Property Rights - 20%

The legal system does not fully protect private property, and the inefficient court system does not enforce contracts consistently. The judiciary is neither independent nor objective by international standards. The government has wide scope to interfere in commercial transactions. In 1997, independent lawyers were barred from practicing without a special license from the Ministry of Justice. Protection of intellectual property rights is weak.

Freedom from Corruption - 21%

Corruption is perceived as pervasive. Belarus ranks 151st out of 163 countries in Transparency International's Corruption Perceptions Index for 2006. Owners of import–export businesses in particular complain that corruption exists at every point in a transaction.

Labor Freedom - 62%

Belarus's labor market operates under relatively inflexible employment regulations that hinder employment creation and productivity growth.

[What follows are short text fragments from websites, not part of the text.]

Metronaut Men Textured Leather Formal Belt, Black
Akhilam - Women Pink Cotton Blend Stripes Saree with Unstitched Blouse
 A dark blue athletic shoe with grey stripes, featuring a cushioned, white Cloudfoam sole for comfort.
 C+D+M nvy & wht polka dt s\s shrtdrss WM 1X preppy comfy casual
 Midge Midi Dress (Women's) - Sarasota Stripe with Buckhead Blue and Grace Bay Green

The non-salary cost of employing a worker is very high, but dismissing a redundant employee is relatively easy. The unemployment insurance system, funded almost entirely by employers with some government assistance, offers benefits that are approximately equivalent to 30 percent of an average worker's annual salary.

В общем, решайте сами, верить или не верить. Лично меня смущает оценка налоговой свободы в 81%, а также "In the most recent year, overall tax revenue as a percentage of GDP was 20.6 percent". Может, я неправильно понял? Совокупные налоговые поступления составляют только 20,6% к ВВП? Это так?!